Findings words, syllables, and sounds
When you have some speech recordings for your research, you may want to know when in time the target word occurs, or how long the vowels are. These measurements are often done in TextGrids in Praat. When you have a small set of recordings, you can manually create word-level, syllable-level, or phoneme-level intervals by hand (also see our how-to-annotate-in-praat). However, this is hard work and very time-consuming (and outright boring). So let’s speed things up a bit!
Forced alignment
Forced alignment is when you try to automatically match orthographic transcriptions (text) to speech recordings (audio). The resulting output is sometimes called ’timestamps’, ‘speech marks’, ‘annotations’, or ‘intervals’, for instance in TextGrids in Praat. There are various forced-aligners available nowadays, the most famous being WhisperX, Montreal Forced Aligner, Penn Forced Aligner (P2FA), EasyAlign, and WebMAUS.
WebMAUS
I selected WebMAUS for this how-to because:
- it can handle a large number of languages
- it can do word-level AND syllable-level AND phoneme-level annotations
- it is pretty accurate
- it is accessible through a Python script as well as a fairly user-friendly web interface
- it gives TextGrids as output.
Here’s an example of some WebMAUS output, showing words (in orthography and X-SAMPA), syllables, and phonemes in different tiers in a TextGrid:
Web interface
The web interface of WebMAUS is fairly straight-forward. All you need to do is upload a speech recording (e.g., “sentence1.wav”) together with a text file with the exact same name (“sentence1.txt”). This text file should contain the words of the sentence in regular orthography. Select the language, agree to the Terms of Usage, and a few seconds later you can download the “sentence1.TextGrid”.

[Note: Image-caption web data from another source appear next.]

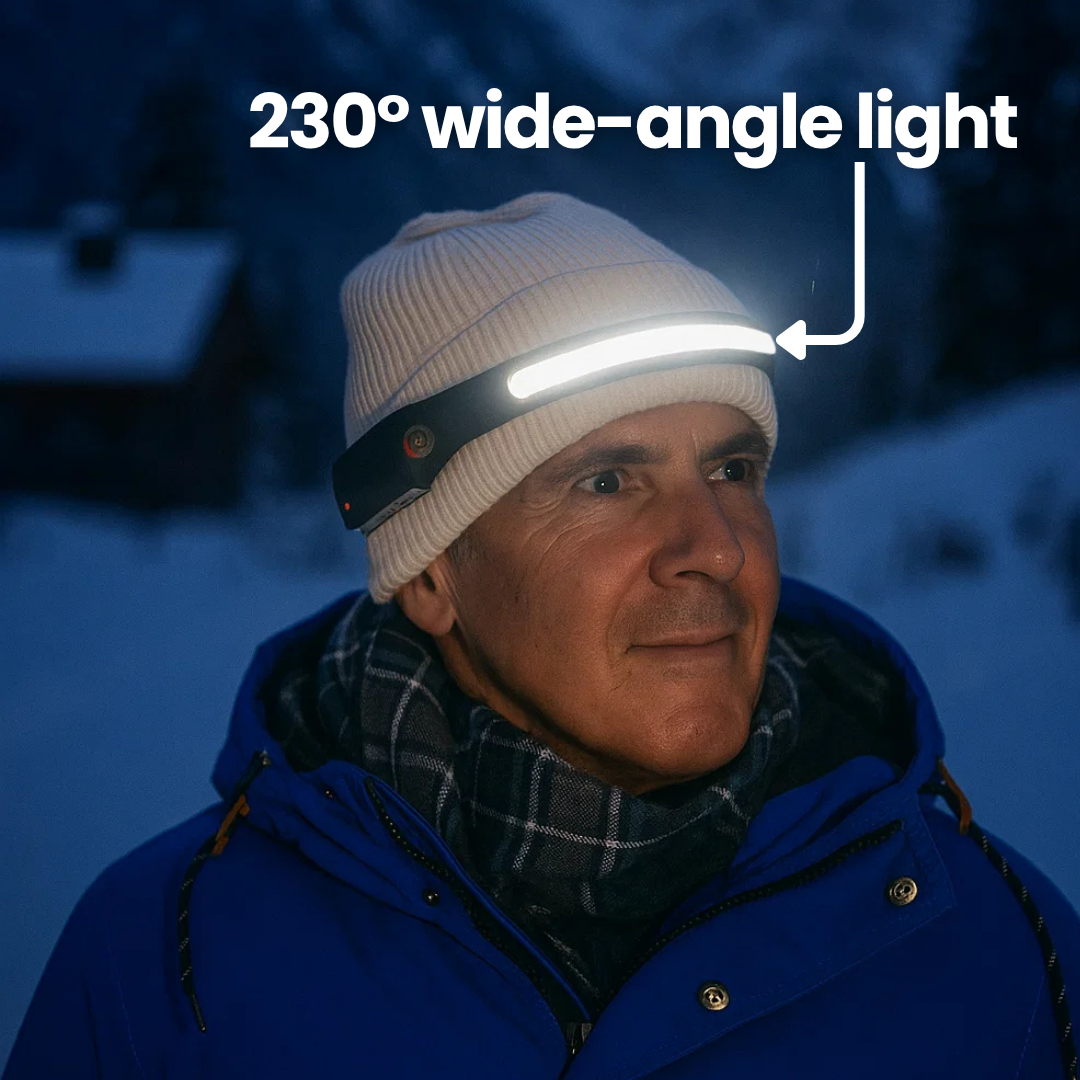 GearBudy 230° LED Headlamp - For your next adventure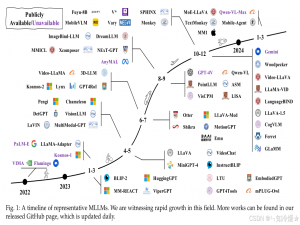 【论文阅读】A Survey on Multimodal Large Language Models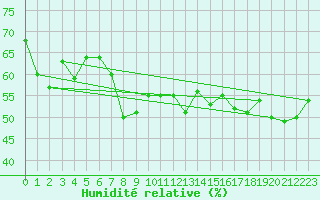 Courbe de l'humidit relative pour Scilly - Saint Mary's (UK)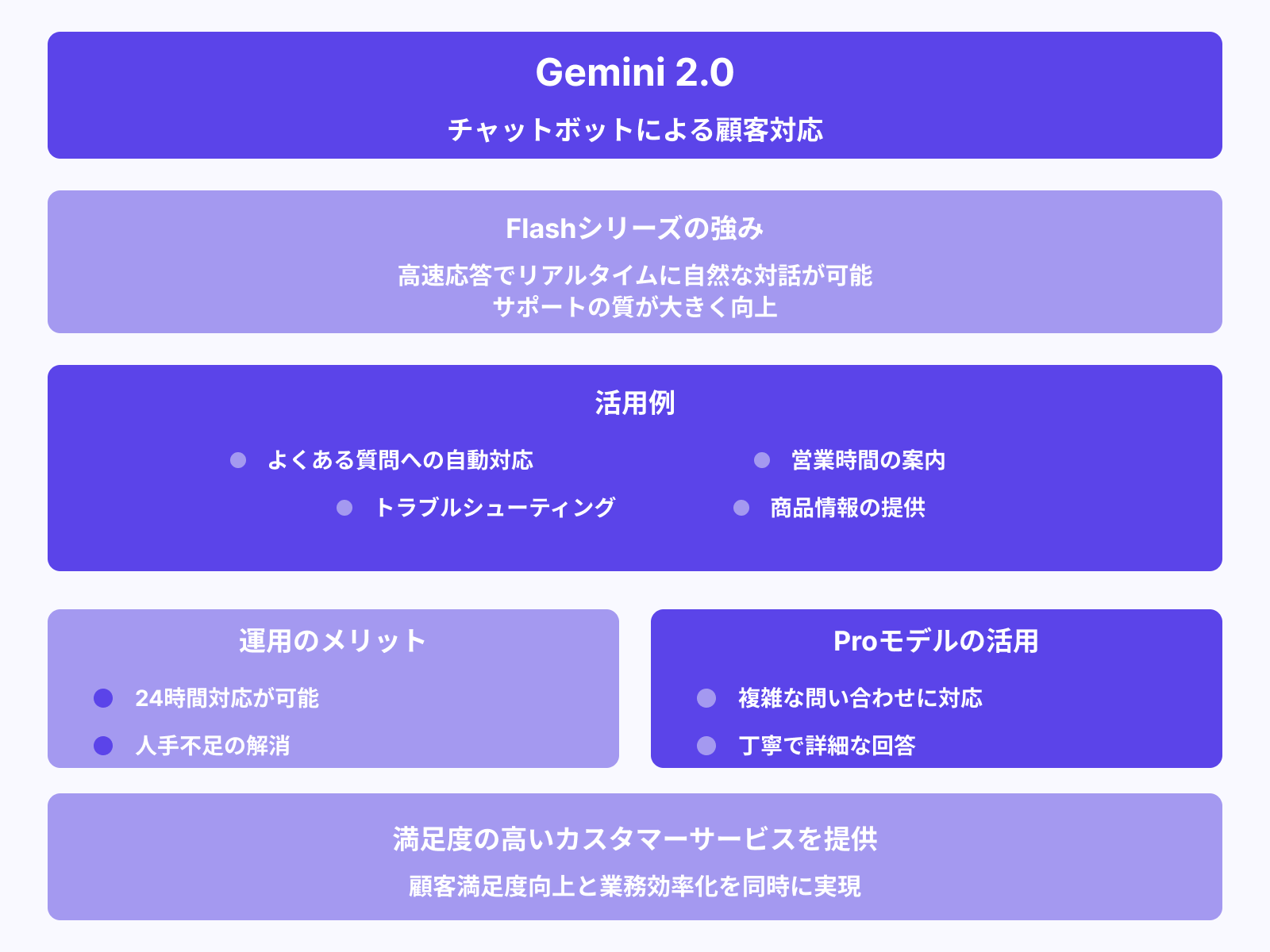 チャットボットでの顧客対応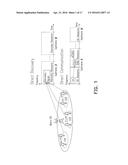 METHOD AND SYSTEM OF LOCATION INFORMATION BASED COMMUNICATION CONTROL diagram and image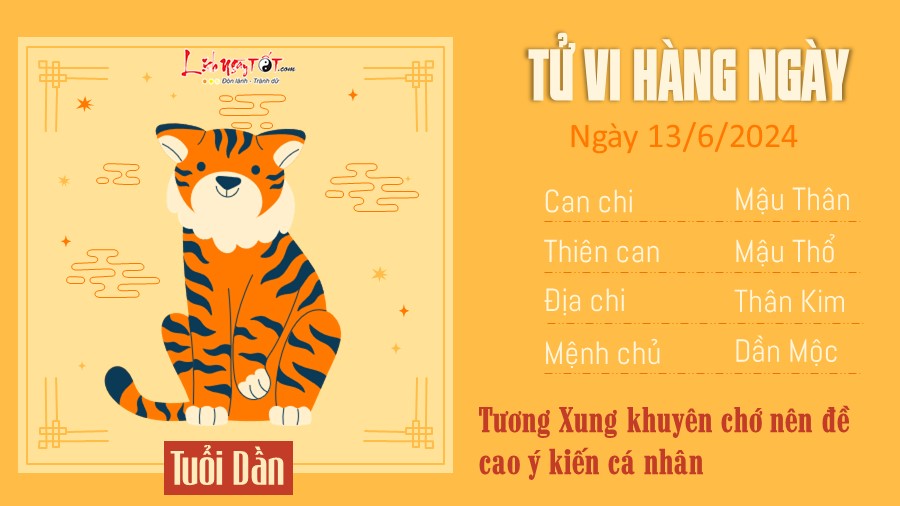 Tu vi hang ngay 13/6/2024 cua 12 con giap - tuoi Dan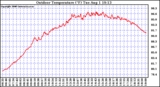 Solar PV/Inverter Performance Outdoor Temperature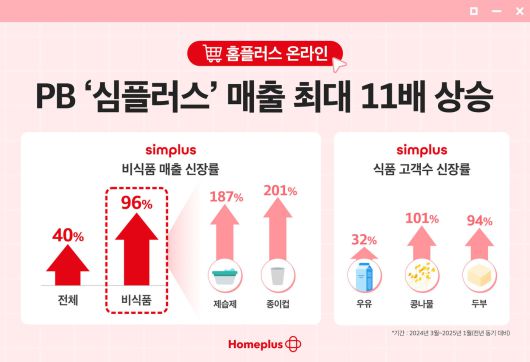 뉴스1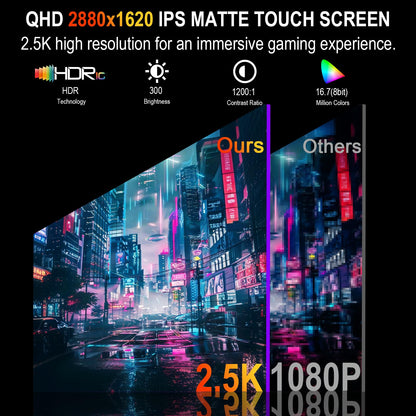 2.5K 100Hz Portable Monitor Touchscreen, 15.6'' QHD 2880x1620 300 Nits 100% sRGB IPS Gaming Monitor w/VESA HDR FreeSync Eye Care USB-C HDMI External Second Screen for Laptop PC Phone Switch PS3/4/5
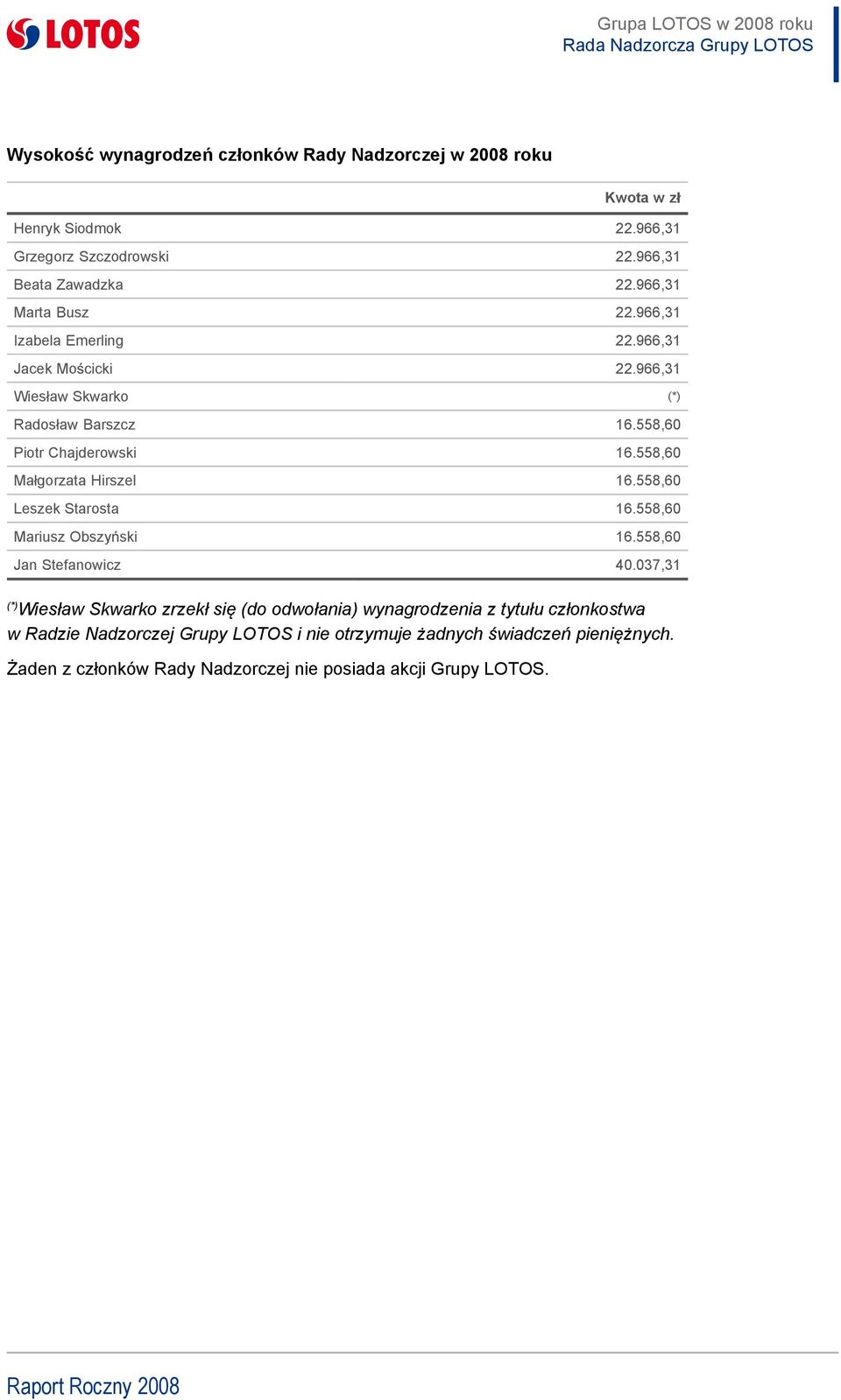 Grupa LOTOS w 2008 roku Zgodnie z ustaw o podatku dochodowym od osób fizycznych z dnia 26 lipca 1991 roku spó ka oblicza i pobiera w ci gu roku zaliczki na podatek dochodowy od wynagrodze cz onków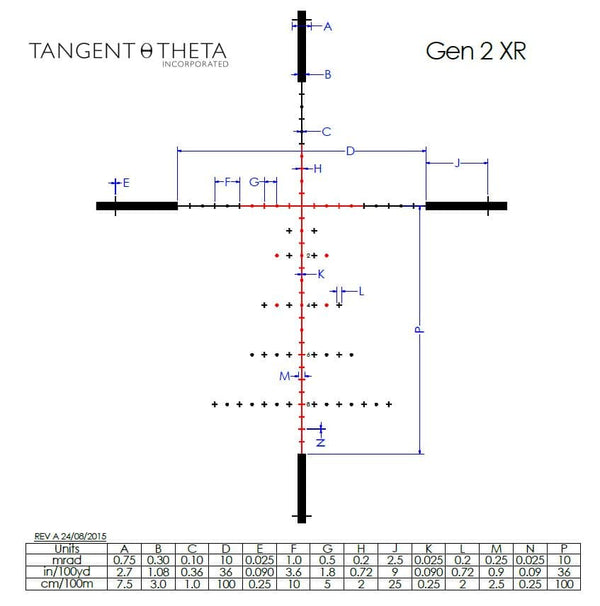 Picture of a Tangent Theta 5-25x56mm Professional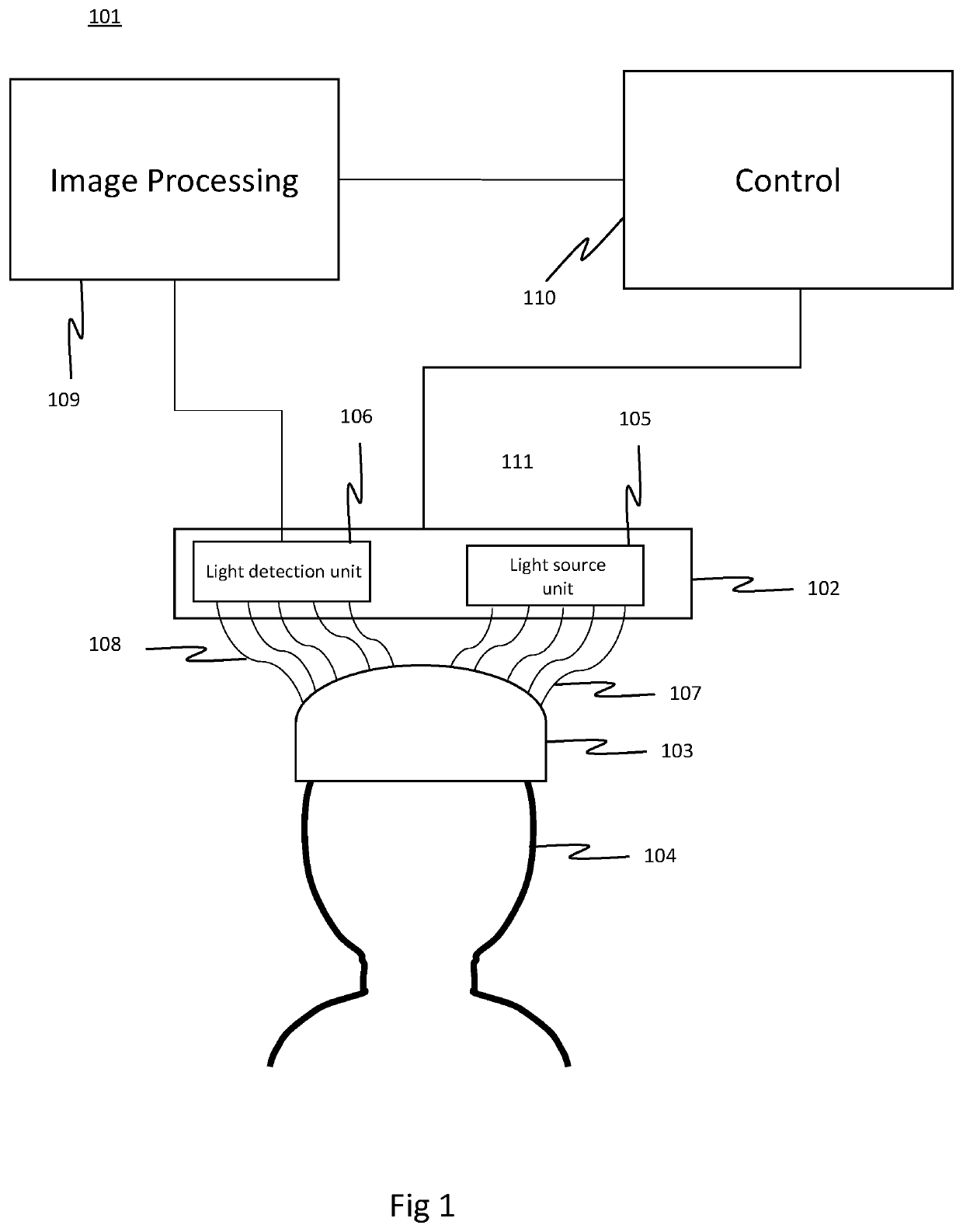 Method and apparatus for measuring light intensity for imaging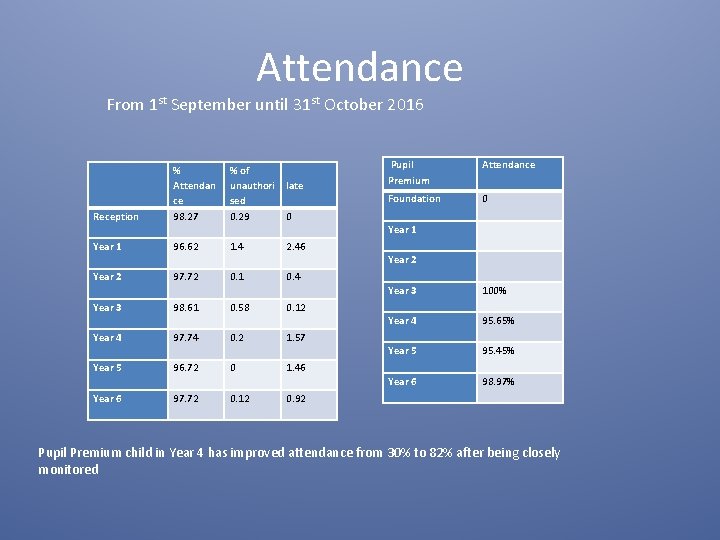 Attendance From 1 st September until 31 st October 2016 Reception Year 1 Year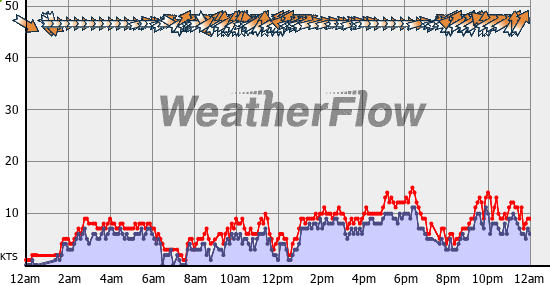 Current Wind Graph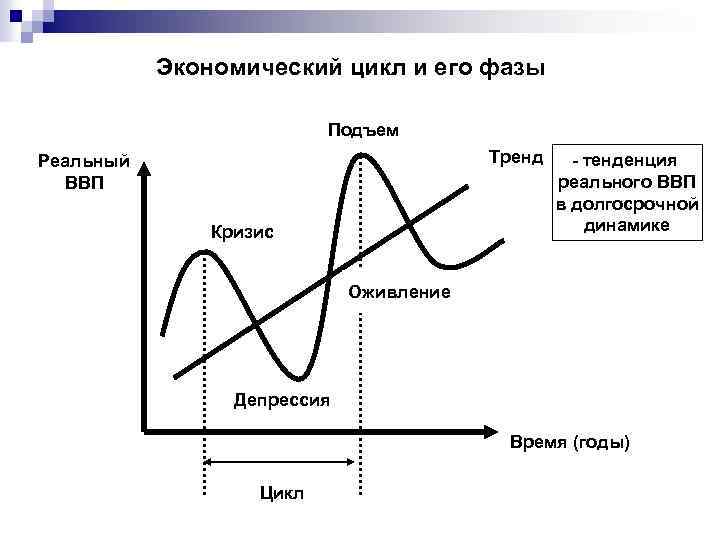 Экономический цикл и его фазы экономика. Схема экономического цикла. Фазы экономического цикла график. Фаза кризиса экономического цикла. Кризисные тенденции в экономике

But there’s a catch! WebMAUS Basic does not give you syllable-level annotations by default! For this, you need a work-around. The regular process is called WebMAUS Basic: wav + txt
» TextGrid
(with only words & phonemes). WebMAUS can give you syllables too, but only through this extra process called Pho2Syl. The trick is to run WebMAUS Basic and Pho2Syl in a sequence:
- WebMAUS Basic:
wav + txt
»BPF .par file
- Pho2Syl:
BPF .par file
»TextGrid
(with words, syllables, phonemes)
Doing this by hand is just a hassle, even if you only have a single recording. So let’s script it!
Let’s get set up!
- Install Python.
- Install the Python module
requests
:- Type “terminal” in the Start Menu in Windows to start Windows PowerShell
- Paste this line and hit ENTER:
pip install requests
- Download forced-alignment.py and store it in a separate new folder.
Let’s go!
- Select the language of your choice in line 29:
webmaus_language = 'eng-US'
- For a list of languages supported by WebMAUS, check out the drop-down Language menu in the web interface.
- NOTE: the script only accepts language codes, like “eng-US”. These can be found here (…it’s a long page of text, so search for “eng-US” to find the list of languages).
- Select the extension of your audio files in line 39 (wav or mp3):
audio_extension = "wav"
- Copy all your speech recordings with accompanying text files into the same folder as the script.
- NOTE: the script only runs on pairs of files with the same name, like “item3.wav” + “item3.txt”.
- The txt files should contain the words in the speech in regular orthography.
- Run the script! For instance, right-click some empty space inside the folder shown in Windows Explorer, click “Open in Terminal”, type:
python forced-alignment.py
and hit Enter. - Done!
Happy aligning!